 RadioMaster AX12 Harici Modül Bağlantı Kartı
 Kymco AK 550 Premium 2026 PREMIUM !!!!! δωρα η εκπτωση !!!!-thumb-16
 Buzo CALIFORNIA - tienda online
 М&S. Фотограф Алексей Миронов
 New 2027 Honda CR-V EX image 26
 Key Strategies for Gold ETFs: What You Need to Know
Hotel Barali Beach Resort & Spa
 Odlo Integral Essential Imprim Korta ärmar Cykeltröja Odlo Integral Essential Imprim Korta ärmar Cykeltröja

==

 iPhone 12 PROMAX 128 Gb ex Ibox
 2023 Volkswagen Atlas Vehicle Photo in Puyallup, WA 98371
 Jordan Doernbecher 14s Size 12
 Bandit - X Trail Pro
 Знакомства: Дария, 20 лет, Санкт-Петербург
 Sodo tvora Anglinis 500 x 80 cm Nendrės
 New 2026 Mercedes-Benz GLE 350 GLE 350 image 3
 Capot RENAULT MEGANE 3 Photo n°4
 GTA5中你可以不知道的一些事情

# The task:
From the data above, reproduce word for word the lines running from the line with "Key Strategies for" to the line with "Odlo Integral Essential Imprim Korta ärmar Cykeltröja Odlo", ends included.

# The completed task:
 Key Strategies for Gold ETFs: What You Need to Know
Hotel Barali Beach Resort & Spa
 Odlo Integral Essential Imprim Korta ärmar Cykeltröja Odlo Integral Essential Imprim Korta ärmar Cykeltröja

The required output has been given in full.